* PROBLEM STATEMENT *
Look below for the line that has "Hello children, hope"; output exactly from it through the line that has "If you do have", and leave the pictures out.

* RECORDS FOR THIS EXERCISE *
╭──

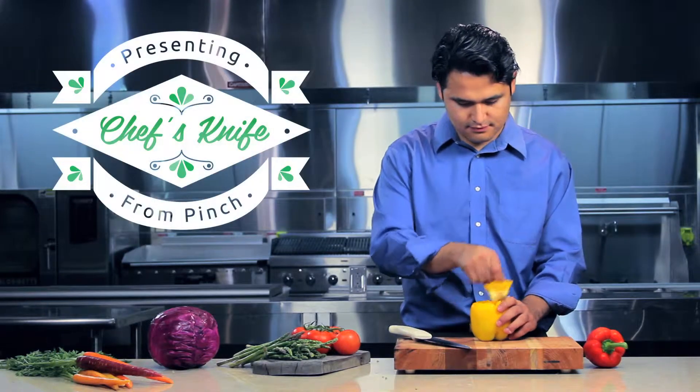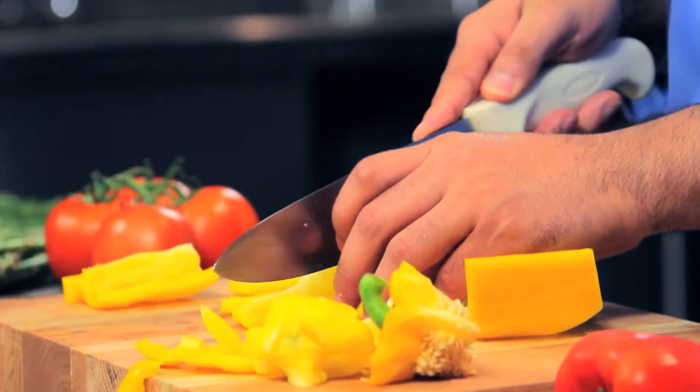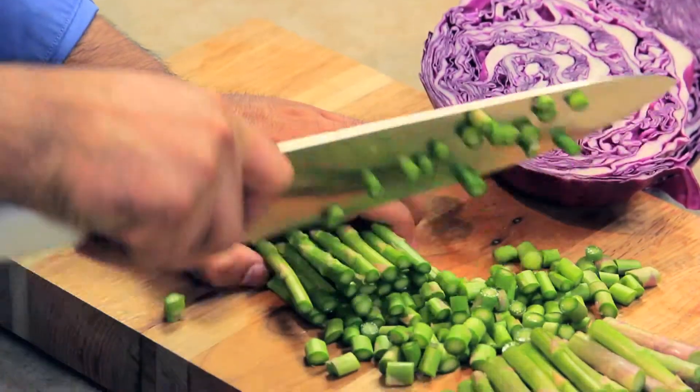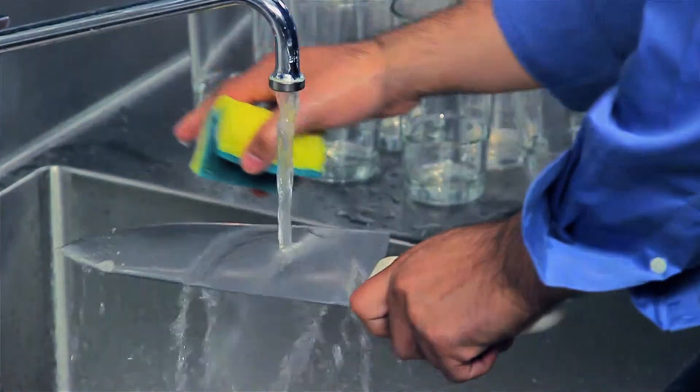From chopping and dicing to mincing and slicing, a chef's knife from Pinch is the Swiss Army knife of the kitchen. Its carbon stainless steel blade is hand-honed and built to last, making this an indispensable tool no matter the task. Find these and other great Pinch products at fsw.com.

╰──
╭──

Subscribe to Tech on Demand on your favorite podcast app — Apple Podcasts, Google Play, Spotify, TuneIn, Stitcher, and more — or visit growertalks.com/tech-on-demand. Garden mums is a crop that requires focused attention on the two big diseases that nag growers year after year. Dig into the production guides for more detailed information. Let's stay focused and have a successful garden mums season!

╰──
╭──

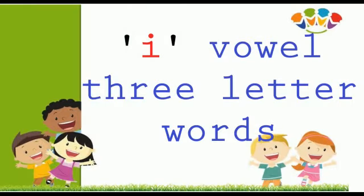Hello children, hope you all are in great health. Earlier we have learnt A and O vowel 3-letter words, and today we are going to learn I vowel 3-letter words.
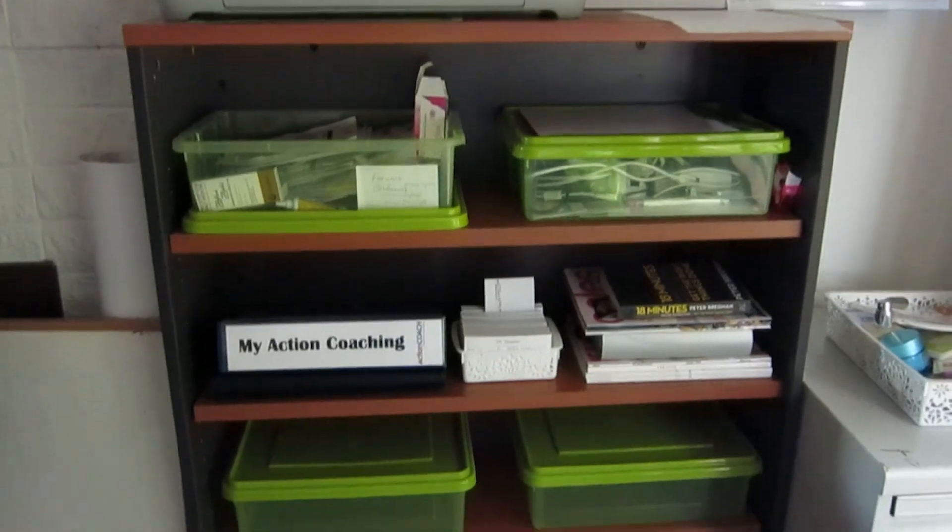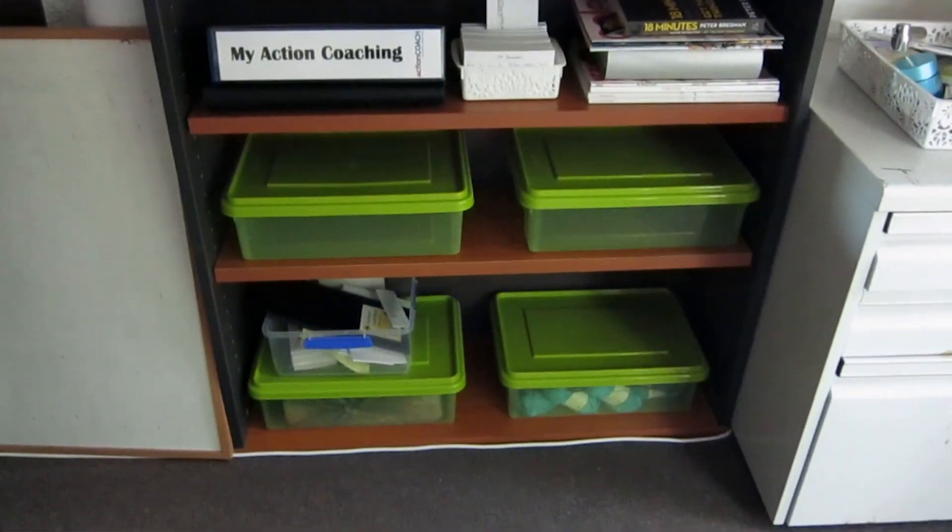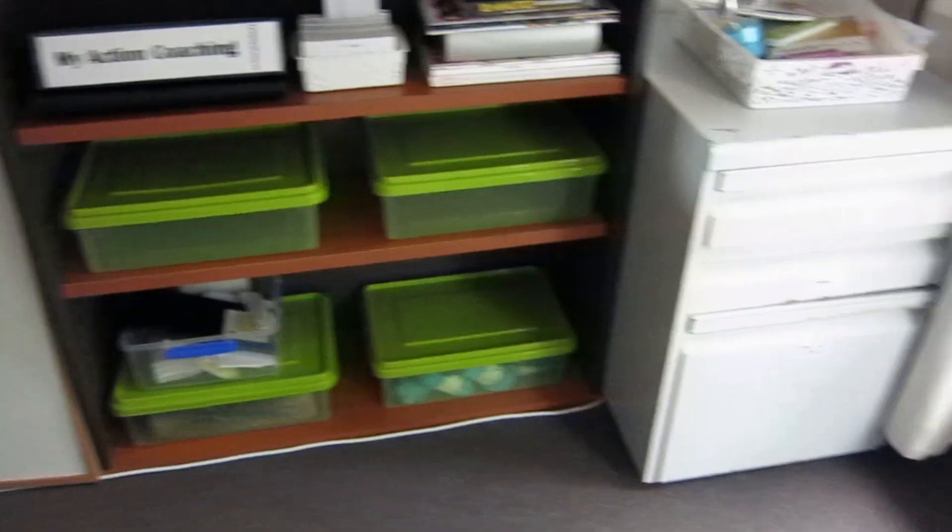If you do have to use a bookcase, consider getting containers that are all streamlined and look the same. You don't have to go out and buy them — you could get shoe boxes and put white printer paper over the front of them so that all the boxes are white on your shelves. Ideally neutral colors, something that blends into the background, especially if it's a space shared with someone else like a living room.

╰──

* SOLUTION TO THIS TASK *
Hello children, hope you all are in great health. Earlier we have learnt A and O vowel 3-letter words, and today we are going to learn I vowel 3-letter words.
If you do have to use a bookcase, consider getting containers that are all streamlined and look the same. You don't have to go out and buy them — you could get shoe boxes and put white printer paper over the front of them so that all the boxes are white on your shelves. Ideally neutral colors, something that blends into the background, especially if it's a space shared with someone else like a living room.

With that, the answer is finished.